El ébola Bundibugyo es una enfermedad de transmisión por contacto directo con sangre, fluidos corporales u órganos de personas infectadas o fallecidas por la enfermedad. No se transmite por el aire ni por el agua potable ni por los alimentos. La probabilidad de que un ciudadano del Mercosur que no viajó al Congo o Uganda en los últimos 21 días y que no tiene contacto con viajeros procedentes de esas zonas contraiga el ébola es prácticamente cero. Las señales de alerta son específicas y claras: fiebre súbita mayor de 38,6 grados centígrados, más síntomas de debilidad intensa, dolor muscular y articular, diarrea y vómitos, combinados con antecedente de viaje a las zonas afectadas o contacto con alguien que viajó recientemente al Congo o Uganda. Sin ese antecedente epidemiológico, esos síntomas corresponden a decenas de otras enfermedades mucho más comunes, y no deben generar la alarma de una consulta de emergencia por ébola. El sarampión, en cambio, sí es altamente transmisible por el aire, y una persona no vacunada que entre en un espacio donde alguien con sarampión estuvo hasta dos horas antes tiene más del 90% de probabilidad de infectarse si no tiene inmunidad.

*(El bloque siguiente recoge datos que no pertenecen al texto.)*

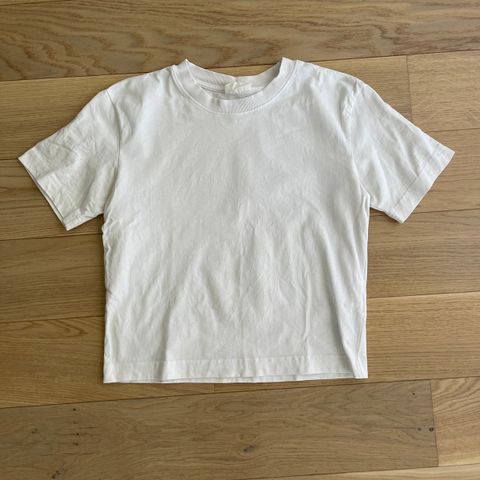 Basic tee fra Gina Tricot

Para los viajeros que tienen planes de asistir al Mundial de Fútbol 2026 en Estados Unidos, México o Canadá — los tres países con mayor número de casos activos de sarampión en la región — la primera acción concreta es verificar el estado de vacunación propio y de los menores que los acompañan. La OPS recomienda dos dosis de la vacuna SRP (sarampión, rubéola y parotiditis) para garantizar protección completa. Las personas nacidas antes de 1981 probablemente tienen inmunidad por infección natural. Las personas nacidas entre 1981 y 2000 pueden haber recibido solo una dosis de la vacuna, lo que proporciona protección parcial pero no completa. Las personas nacidas después del año 2000, si completaron correctamente su esquema de vacunación, tienen protección completa con las dos dosis. En todos los casos, ante la duda, la vacuna es la respuesta: es segura, es gratuita en la mayoría de los sistemas públicos de salud del Mercosur y protege tanto a quien la recibe como a las personas más vulnerables — bebés menores de 12 meses que todavía no pueden vacunarse — del entorno familiar y comunitario.
La coordinación sanitaria de frontera en el Mercosur tiene un instrumento que pocas veces aparece en los análisis del bloque pero que en situaciones de emergencia como la actual tiene un valor crítico: el Acuerdo de Complementación en Materia de Salud entre los países del bloque, que establece mecanismos de notificación entre los ministerios de salud ante la detección de enfermedades de declaración obligatoria en zonas de frontera. Ese acuerdo, que funcionó de manera imperfecta durante la pandemia, está siendo reforzado en 2026 gracias a la apuesta del Mercosur por la digitalización de sus sistemas de información, incluyendo el SISME que los ministros de seguridad respaldaron unánimemente en Asunción. La extensión de esa plataforma de intercambio de información al ámbito de la salud pública de frontera — con alertas en tiempo real entre los ministerios de salud de los cinco países cuando se detecta un caso sospechoso de enfermedad de declaración obligatoria en un paso fronterizo — es la mejora de infraestructura sanitaria de mayor impacto que el bloque puede implementar en el corto plazo. Un Mercosur que comparte libre circulación de personas necesita también compartir libre circulación de información sanitaria, porque las enfermedades no respetan las mismas fronteras que los controles aduaneros.